### WHAT TO WORK ON
Wherever pictures appear in the listing below, leave them out, and copy exactly, and only, everything from the line with "Residents pictured outside Villa Gardens" down to the line with "Open Low Back".

### MATERIAL TO PROCESS
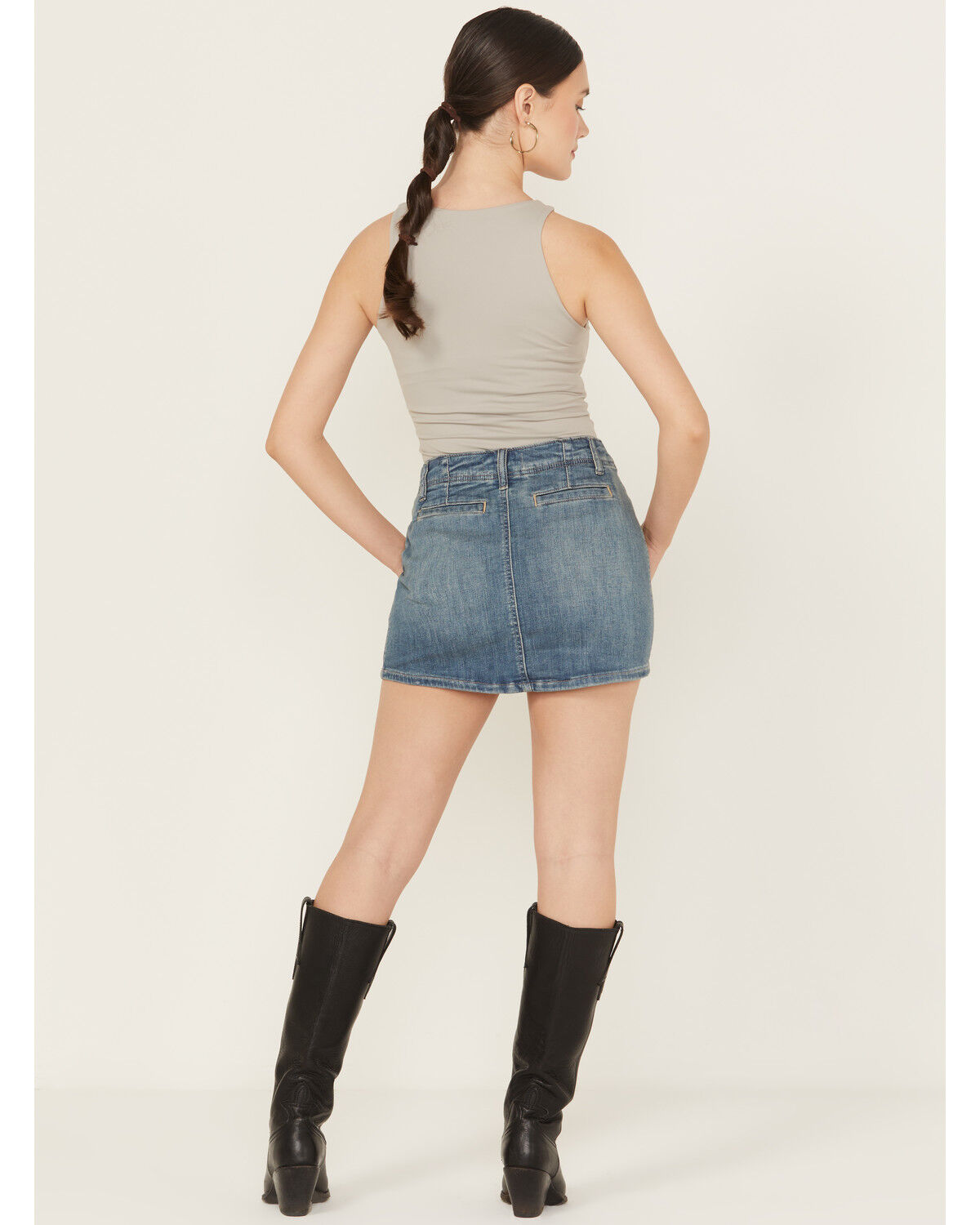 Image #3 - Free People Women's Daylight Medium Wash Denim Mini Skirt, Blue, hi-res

* * *

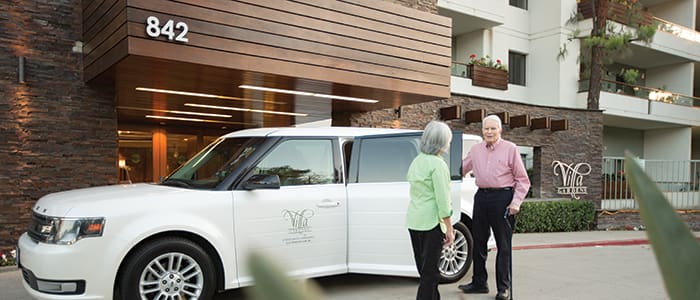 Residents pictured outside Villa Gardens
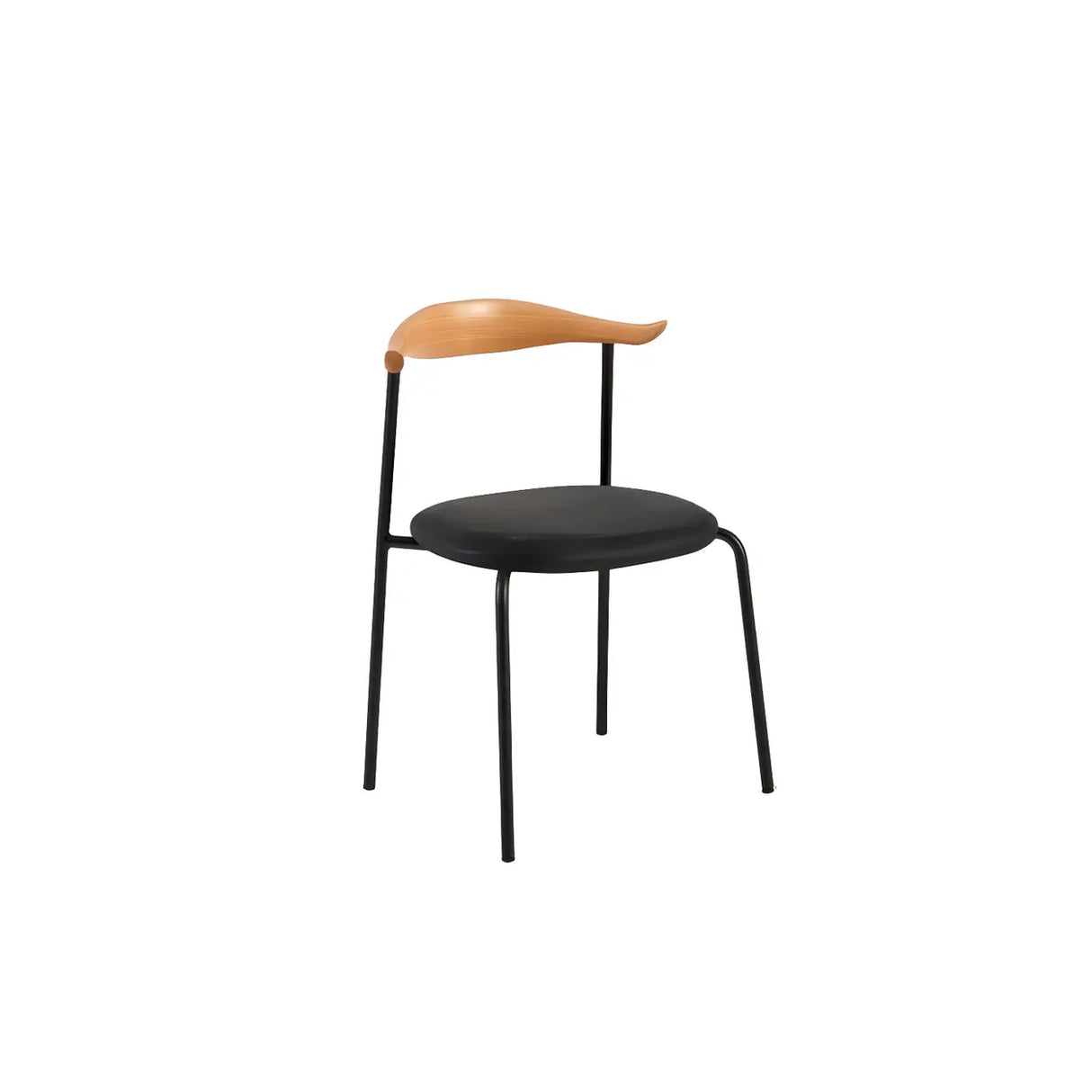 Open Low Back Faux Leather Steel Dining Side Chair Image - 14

### ANSWER
 Residents pictured outside Villa Gardens
 Open Low Back Faux Leather Steel Dining Side Chair Image - 14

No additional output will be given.